With a name like Super Huey, a game has either got to be extremely good, or else be prepared to be subjected to ridicule; for, where I come from, Huey is something that you do when you had one too many the night before! Americans, it seems, are far too refined to use a word as vulgar as this, because THEY all realise that a huey is a helicopter, and Super Huey is a flight sim.

Upon opening the lavish packaging, you find one 3.5" disc together with a small manual and what looks to be a photocopied piece of pink paper. On closer inspection, it turns out that the pink paper serves as mission instructions, and that the manual too seems photocopied.

The bad news is that the manual is one of the best things about the game (and it is pretty poor). It says in the bumph you get with the game that Super Huey is an "Authentic helicopter flight simulation" that... "teaches you how to fly rotary wing aircraft." Now I am not saying that the game is unrealistic, but if I ever get offered a flight in a helicopter flown by a Super Huey trained pilot, then I am going to run very fast in the opposite direction!

Once you have sat through the seemingly endless loading period that Super Huey demands (a combination of the Amiga incredibly slow drives and a surprising amount of data - especially when you consider the end product) you are confronted with probably the best part of the game, the loading screen.

Featuring excellent hi-res graphics, and some impressive sampled music, it is a pity the game could not keep up these high standards.

Having flicked through the manual, and pressed a few random buttons to see if I could get the game to crash, I decided to attempt a take-off. This is where I encountered my first problem. My Amiga is one of the early A1000s and I must therefore load Kickstart prior to loading any games. Having dutifully loaded Kickstart 1.2, and then Super Huey, I started the engines of the chopper, only to notice the rev counter moving across the screen, and various other instruments jumping about. Apparently, this is caused by Kickstart 1.2, but it hardly bodes well for the game, does it?

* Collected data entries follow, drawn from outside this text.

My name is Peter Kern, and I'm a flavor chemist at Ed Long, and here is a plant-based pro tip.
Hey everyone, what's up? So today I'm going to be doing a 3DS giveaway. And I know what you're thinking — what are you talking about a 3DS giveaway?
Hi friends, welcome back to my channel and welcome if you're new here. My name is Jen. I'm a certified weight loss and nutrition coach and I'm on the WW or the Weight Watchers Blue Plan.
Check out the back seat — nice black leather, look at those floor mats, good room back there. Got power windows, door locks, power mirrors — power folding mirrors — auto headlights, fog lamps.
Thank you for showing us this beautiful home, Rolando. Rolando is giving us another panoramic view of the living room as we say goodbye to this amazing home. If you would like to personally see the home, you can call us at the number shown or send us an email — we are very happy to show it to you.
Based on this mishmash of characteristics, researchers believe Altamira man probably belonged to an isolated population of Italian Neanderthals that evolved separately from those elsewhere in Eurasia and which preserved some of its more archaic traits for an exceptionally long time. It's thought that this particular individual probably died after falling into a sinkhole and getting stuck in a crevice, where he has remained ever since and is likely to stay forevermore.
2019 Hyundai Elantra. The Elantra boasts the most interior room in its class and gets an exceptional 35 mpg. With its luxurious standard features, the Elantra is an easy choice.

Starting again with Kickstart 1.1, I turned the engines on and followed the instructions until I was just about to take off. Having been lucky, or unlucky depending on the strength of your stomach, to have been flown around in a helicopter - albeit briefly - I know a little bit about the experience of taking off, and it is not too pleasant. In this game, however, it is all very simple and within seconds of first starting the game, you are hovering, having taken off as if you were in a lift.

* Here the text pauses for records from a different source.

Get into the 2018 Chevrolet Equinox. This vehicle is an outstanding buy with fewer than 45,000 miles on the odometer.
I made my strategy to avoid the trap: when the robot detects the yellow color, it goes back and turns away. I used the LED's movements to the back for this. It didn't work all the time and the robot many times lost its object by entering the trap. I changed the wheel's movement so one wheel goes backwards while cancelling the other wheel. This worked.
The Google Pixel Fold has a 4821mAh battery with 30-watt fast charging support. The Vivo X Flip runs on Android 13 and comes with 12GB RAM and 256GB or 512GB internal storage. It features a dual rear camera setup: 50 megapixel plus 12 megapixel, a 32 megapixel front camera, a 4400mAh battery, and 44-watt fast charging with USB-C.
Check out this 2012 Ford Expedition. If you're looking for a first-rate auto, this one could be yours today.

The lack of realism does not, however, end with the take off. Flying is as simple as pie, combining mouse movements with the odd button depression. After about five minutes I was confidently zooming about the skies. Unfortunately, unlike some games, the ease of getting started in Super Huey is one of its biggest faults. Too many software houses mistake playability for ease of play, and Cosmi (the American software house originally responsible for this game) are a bad example.

In an attempt to convince myself that Super Huey was not THAT bad, I studied the manual a little harder, and took on one of the more adventurous of the three missions provided. Although not as dull as simply flying around, even this was spoiled by the appalling graphics and general playability.

The animation within Super Huey is awful, and the so-called 3-D objects look more like cardboard than anything else. Nowhere withing the game is there any indication of the Amiga's power, and that is one of the game's biggest faults. On a Spectrum, or even a Commodore 64, Super Huey would be a passable game, although the gameplay criticisms would stand, but on the Amiga it is nothing short of dreadful.

If you want a flight simulator, try Flight Simulator II, but please, don't waste your money on Super Huey, otherwise you really will feel sick!!